Um dos seus conceitos o “Volume Zero” faz referência a um capítulo de um livro, que viria antes do primeiro capítulo, e que nunca foi escrito, e nunca foi lido; ou seja: o que ainda não foi dito e nem feito, e onde estaria a essência da existência.

Ou como disse Khan:

“A arquitetura se cria em um ponto que se situa entre o silêncio do ideal e a iluminação do real, ou seja, onde se encontrariam o silêncio e a luz, representando respectivamente o desejo de ser e presença: 'o Silêncio contém nossos desejos: o desejo de aprender, de nos reunirmos e alcançar um estado de bem-estar; ou seja, todos aqueles atributos que definem nossa humanidade. A Luz se relaciona com a representação tangível do mundo das ideias. A transformação do Silêncio em Luz se realiza através do Design, que existe entre ambos, no âmbito das sombras"

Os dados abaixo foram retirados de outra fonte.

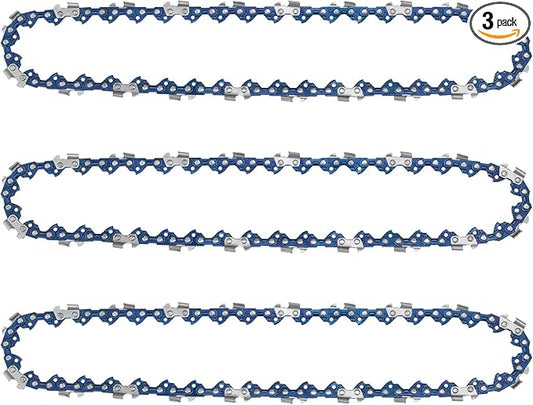 10 Inch Saw Chain 3/8" LP Pitch 0.043" Gauge 40 Drive Links Fits for Worx WG322,WG323 LCS1020, CMCCS610D1 - R40 Chainsaw (3 Chains)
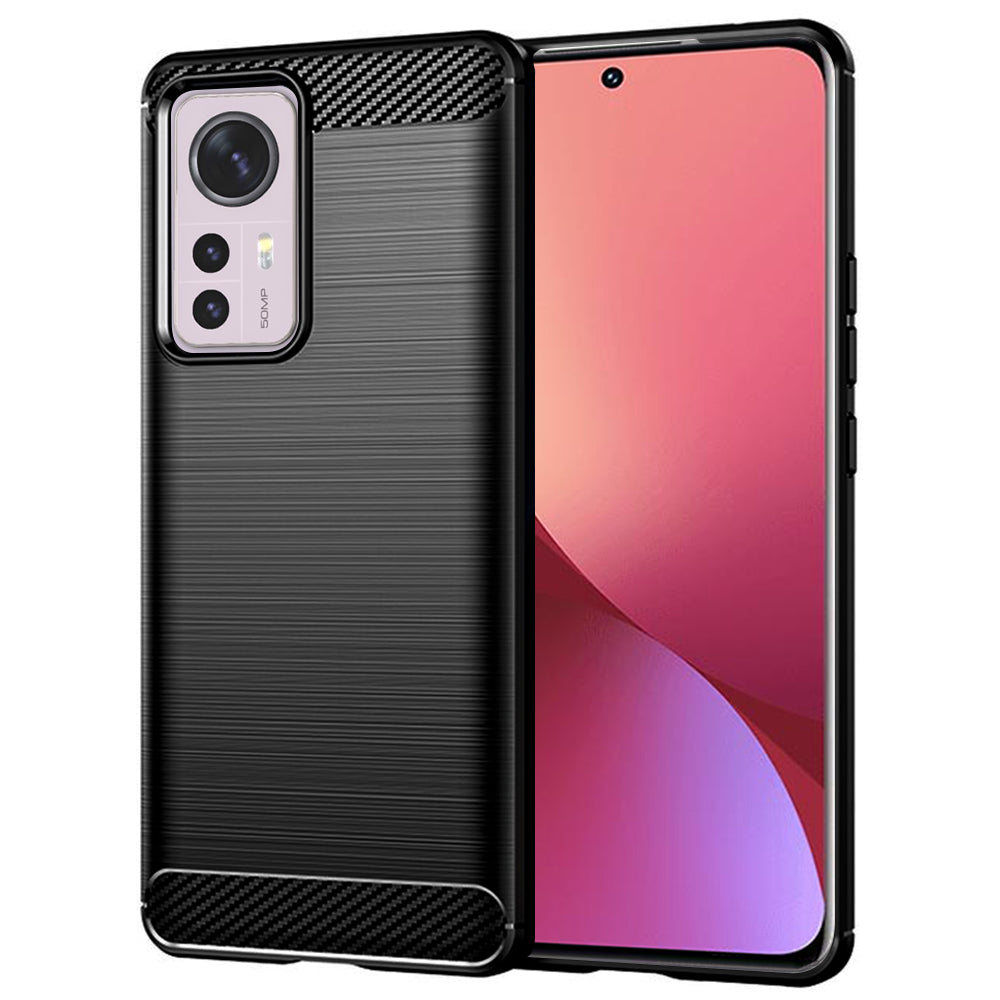 Fodral för Xiaomi 12X / 12, Techsuit, Kolfiber, Svart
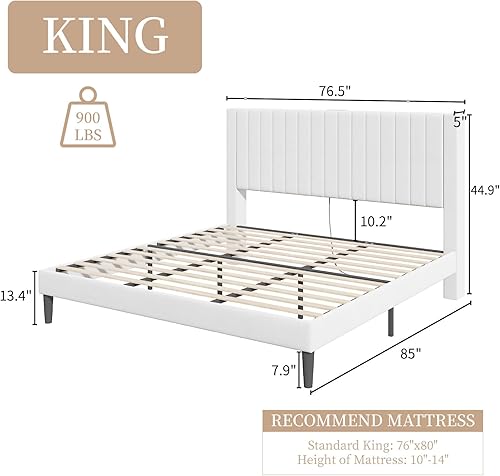 Miniatura 41 de Base de cama tamaño Queen con cabecera tapizada de terciopelo con estación de carga, soporte de listones de madera, base de colchón, somier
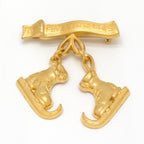 Hermes Skate Shoes Motif Brooch Gold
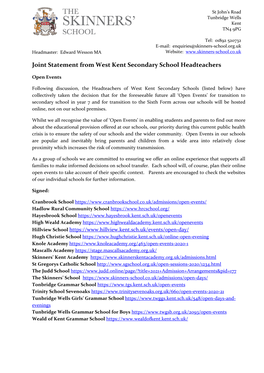 Joint Statement from West Kent Secondary School Headteachers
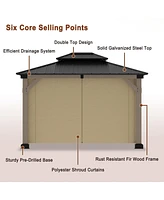 Mondawe 12 ft. x 10 ft. Outdoor Fir Solid Wood Frame Patio Gazebo Canopy Shelter with Galvanized Steel Hardtop Roof Pavilion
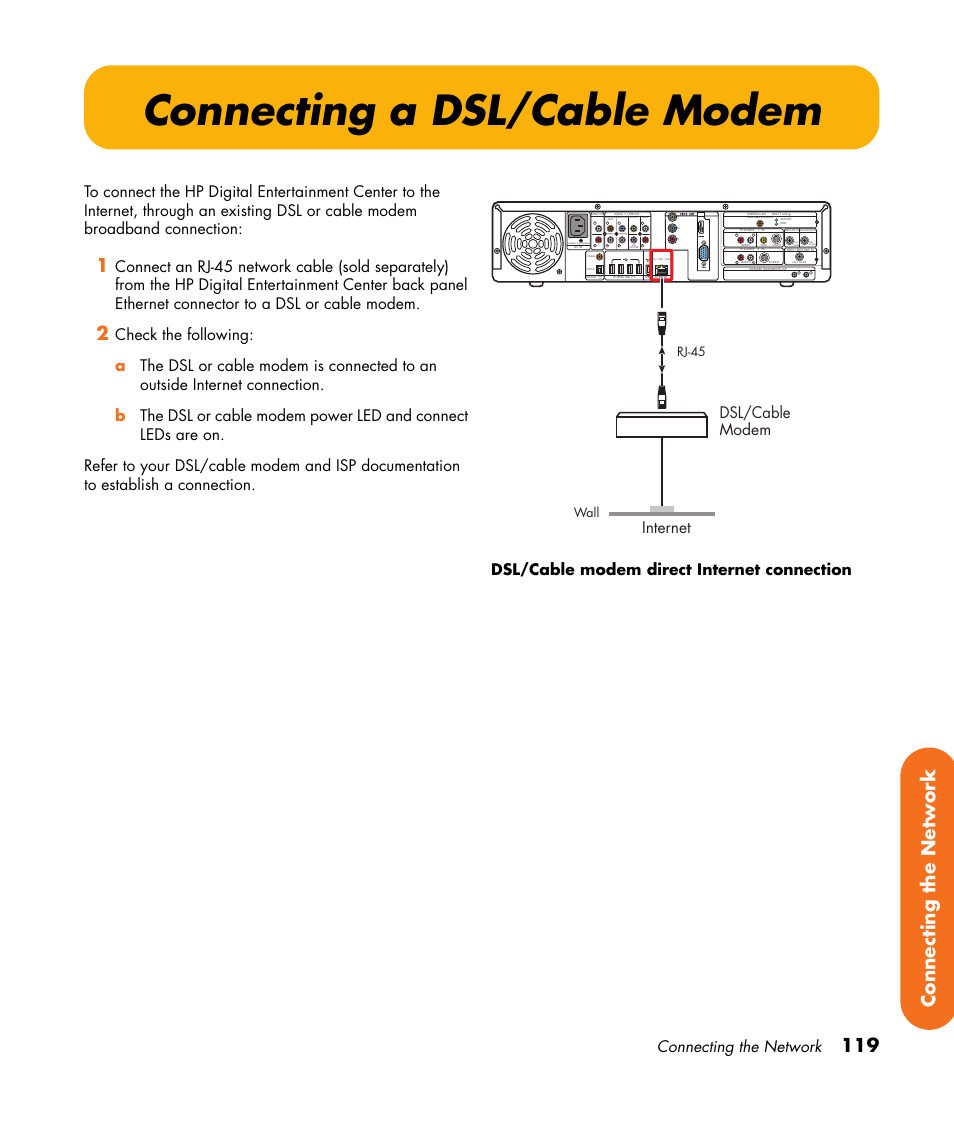 Connecting a dsl/cable modem, 119 connecting the network, Connecting the network | Internet dsl/cable modem, Audio out, Cable/ant. in fm antenna in, Coaxial dual tuner, Wall, Rj-45 | HP 2307890A User Manual | Page 125 / 194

Nascido na Estônia, Khan foi um dos mais importantes arquitetos do século XX, da estatura de Le Corbusier; considerado filósofo quando tenta verbalizar os significados e essências da arquitetura:

(...)

" A sala é o começo da arquitetura. É o lugar da mente... O plano é uma

sociedade de salas. As salas se relacionam entre si para fortalecer sua

natureza própria e única... A sociedade de salas é um lugar bom para

aprender, bom para trabalhar, bom para viver. "

"A cidade é medida pelo caráter de suas instituições. A rua é uma das

suas primeiras instituições. Hoje, essas instituições estão em

julgamento. Eu acredito que é assim porque elas perderam a inspiração de seu início. "

Conforme a classificação de Kahn sobre os desejos do homem, o desejo de reunir-se estava relacionado à cidade, pois a considerava como símbolo de encontro. Nesse sentido, suas analogias continham

atenção especial à rua como elemento estruturante desse símbolo "uma sala de reuniões sem teto".

Sobre suas ideias - baseadas na importância dada aos começos - Kahn fez um texto chamado I Love the beggnings (Amo os inícios). Nele referia-se à busca da essência das coisas, o que foi uma constante em seu trabalho:

" É bom para a mente voltar ao começo, porque o começo de qualquer atividade estabelecida do homem é o seu melhor momento. Porque é ali que habitam todo o espírito e toda a sua engenhosidade, dos quais devemos constantemente extrair nossas inspirações para as necessidades presentes"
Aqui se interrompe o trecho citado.